* [What to produce]:
Everything in the records below is to be reproduced exactly, apart from the images.

* [Excerpted data]:
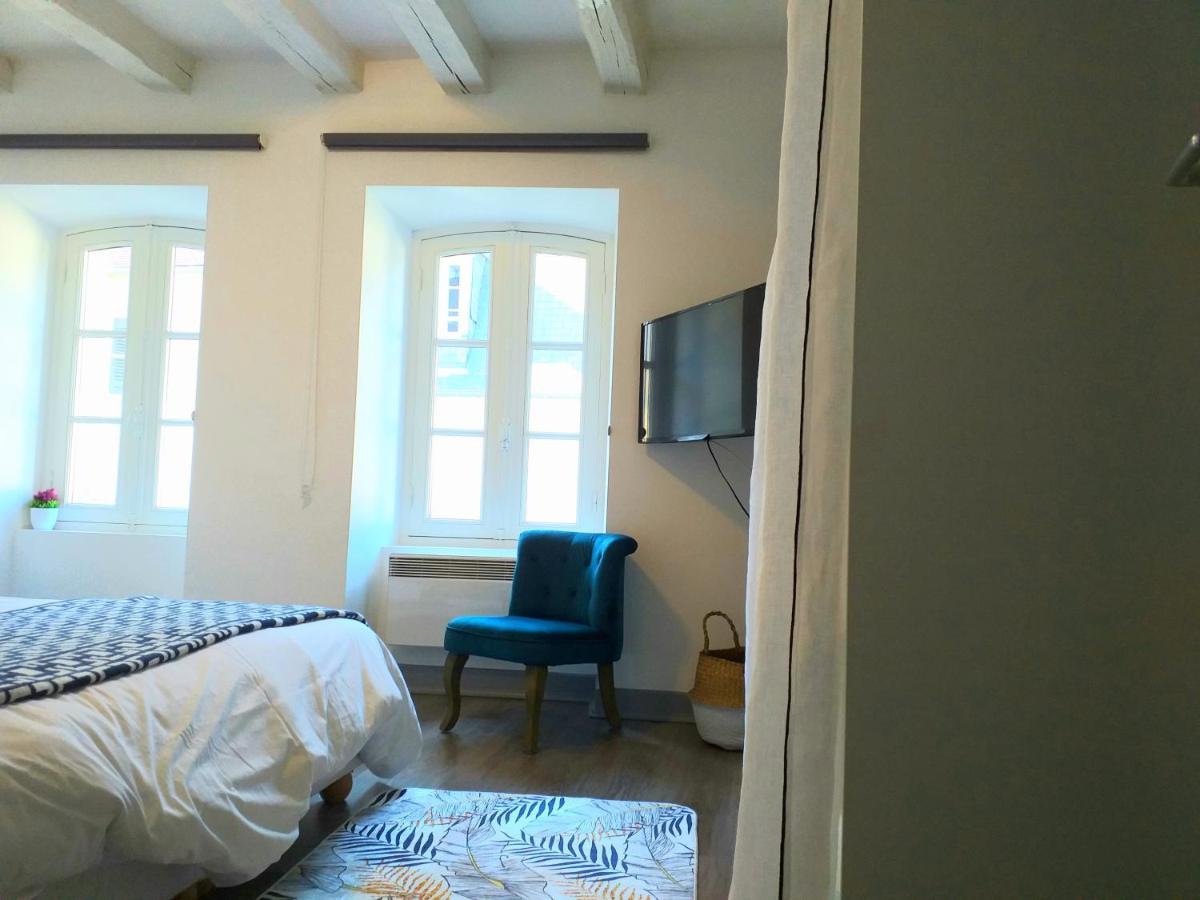 A La Grosse Armee - Dans Hotel Particulier, Hypercentre Avec Garage, Au Calme Bourges Luaran gambar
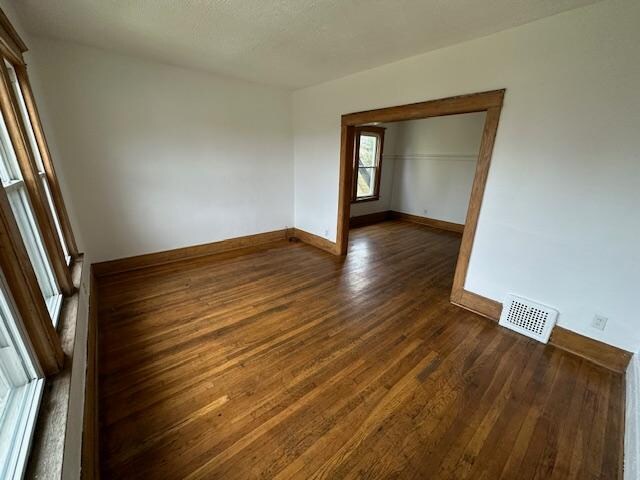 Primary Photo - 121 Sturtevant St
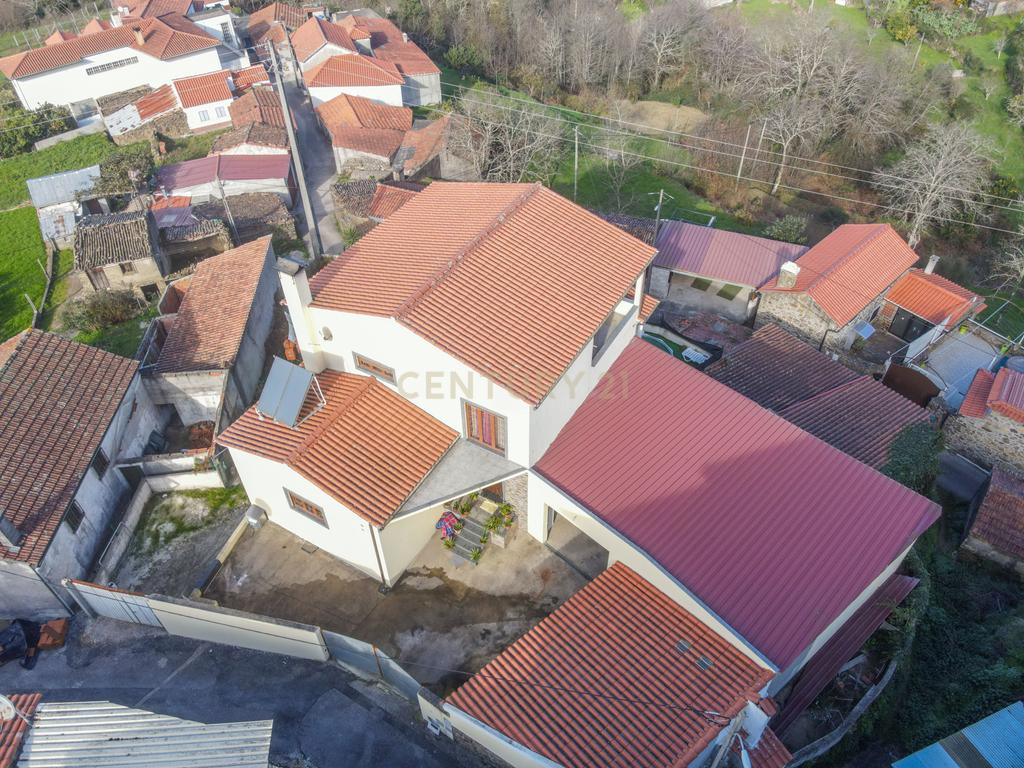 Moradia T3 em Miranda do Corvo - Image 41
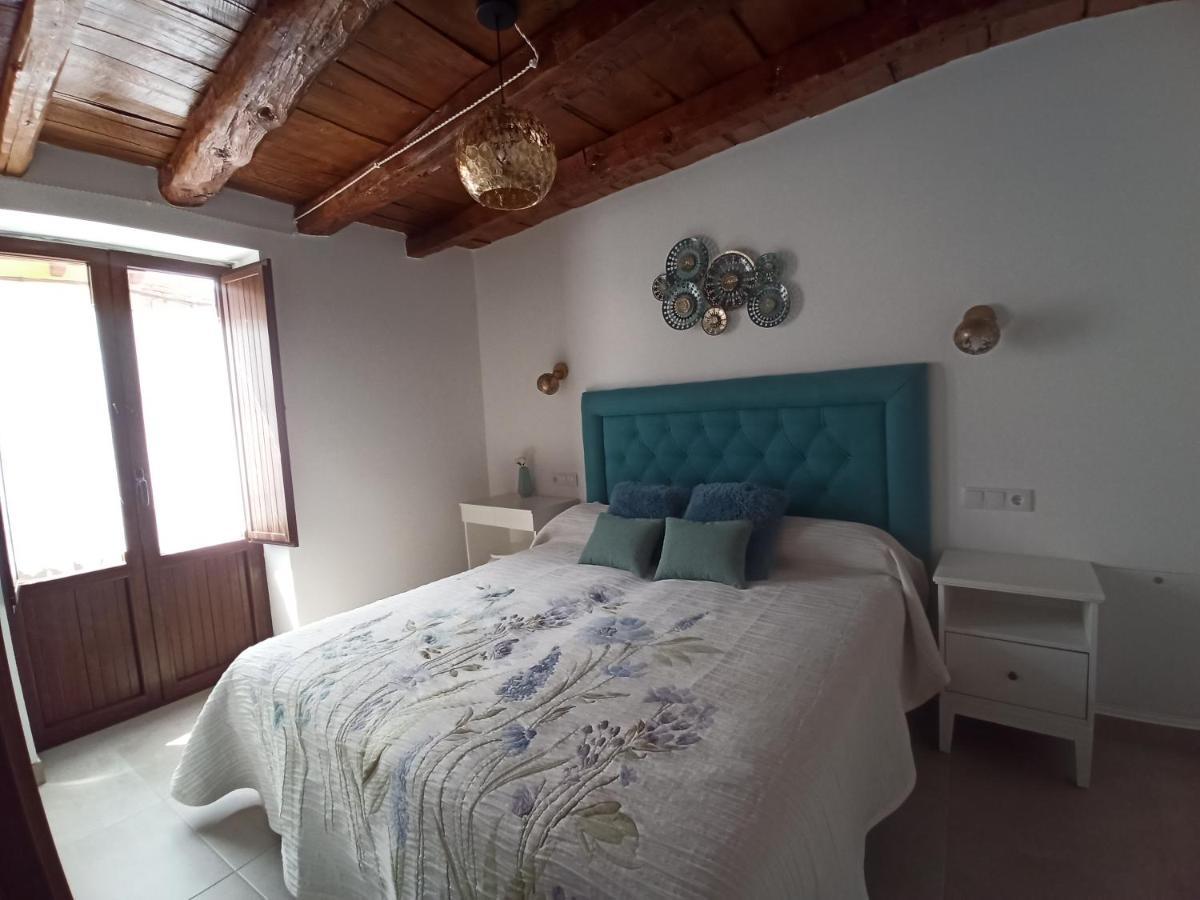 Apartamento PEÑAFIEL DREAMS con JACUZZI Exterior foto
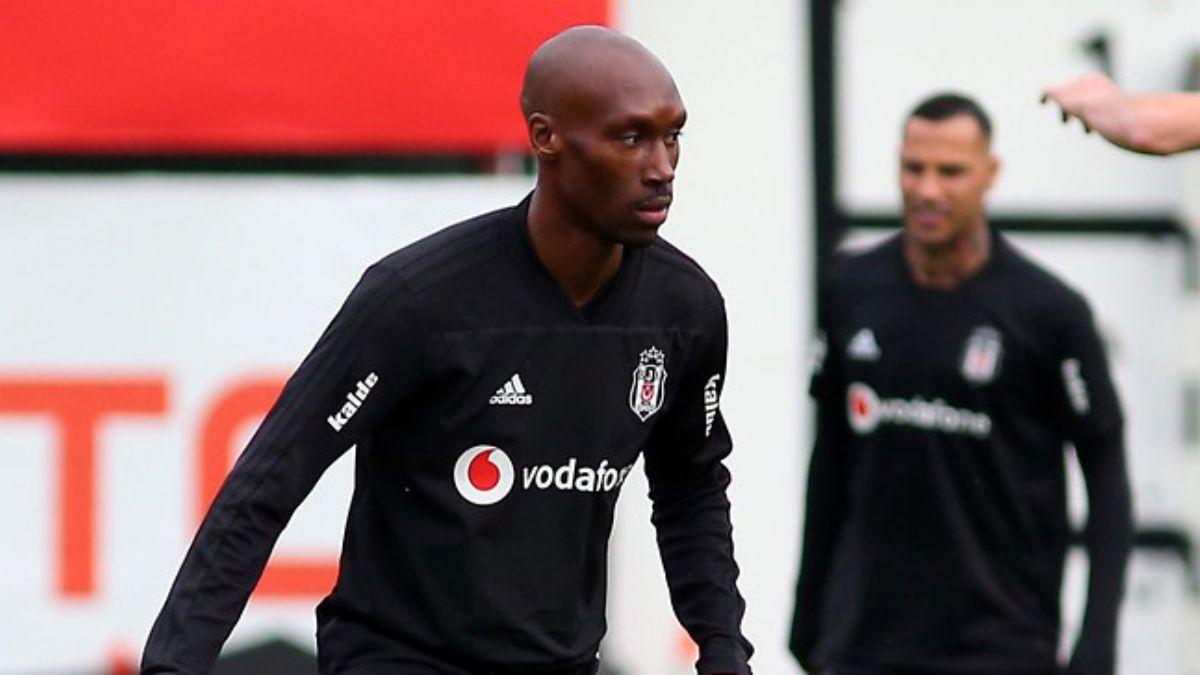 Atiba Hutchinson takmla almalara balad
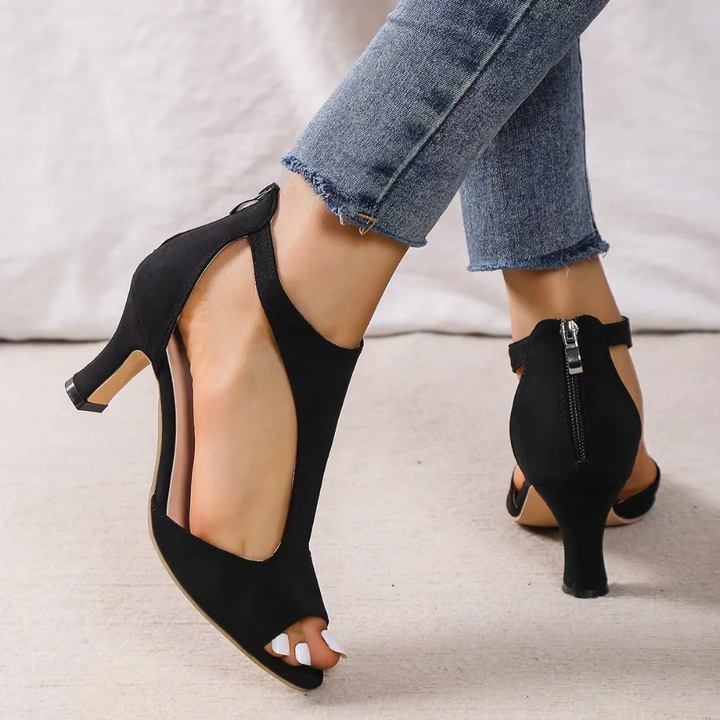 Women's Heels with Open Sides and Refined Fit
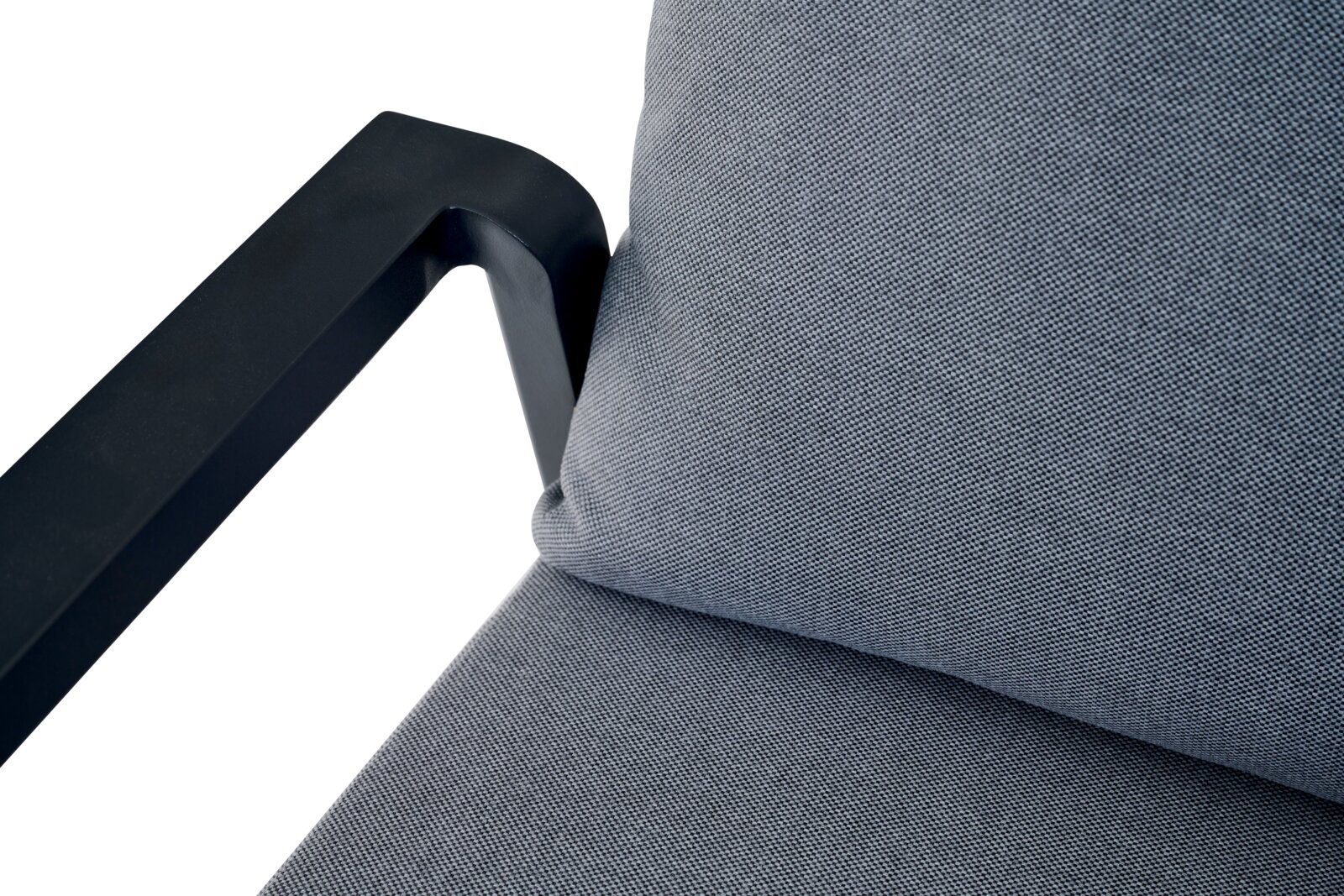 Siena Garden Comfort Plus Stapelsessel VALENCIA Nahaufnahme eines grauen Comfort Plus Stapelsessels mit schwarzer Armlehne, von oben betrachtet.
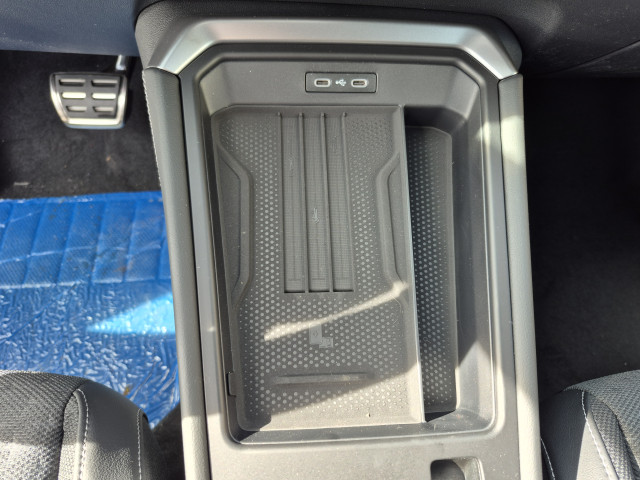 Volkswagen Volkswagen T-Roc R-Line 1.5 eTSI 150 CH DSG 7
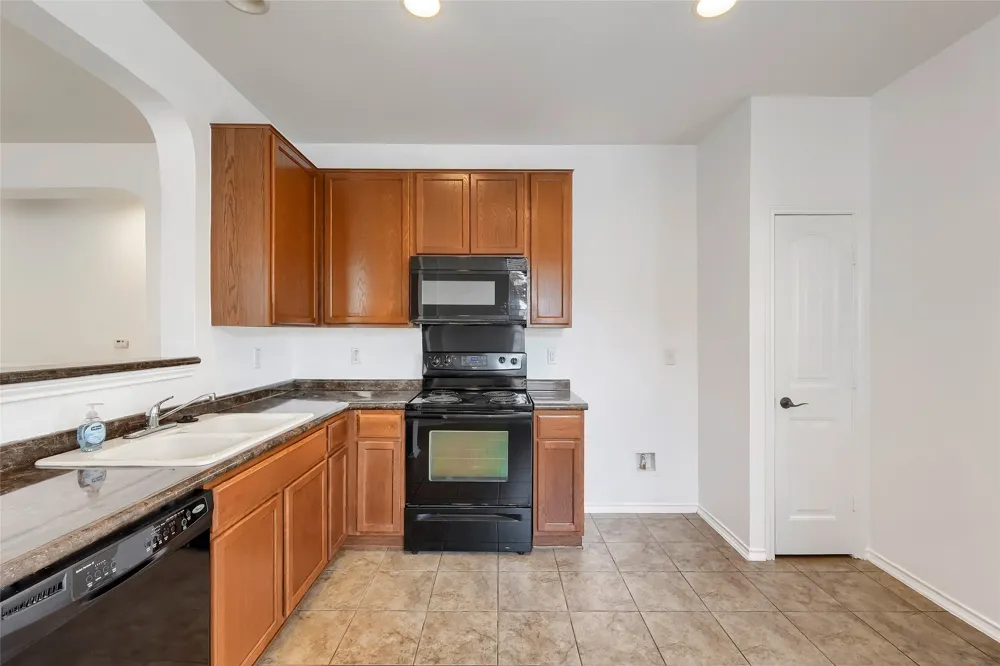 8921 Stambourne Street Austin, TX 78747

* [Solution for this task]:
 A La Grosse Armee - Dans Hotel Particulier, Hypercentre Avec Garage, Au Calme Bourges Luaran gambar
 Primary Photo - 121 Sturtevant St
 Moradia T3 em Miranda do Corvo - Image 41
 Apartamento PEÑAFIEL DREAMS con JACUZZI Exterior foto
 Atiba Hutchinson takmla almalara balad
 Women's Heels with Open Sides and Refined Fit
 Siena Garden Comfort Plus Stapelsessel VALENCIA Nahaufnahme eines grauen Comfort Plus Stapelsessels mit schwarzer Armlehne, von oben betrachtet.
 Volkswagen Volkswagen T-Roc R-Line 1.5 eTSI 150 CH DSG 7
 8921 Stambourne Street Austin, TX 78747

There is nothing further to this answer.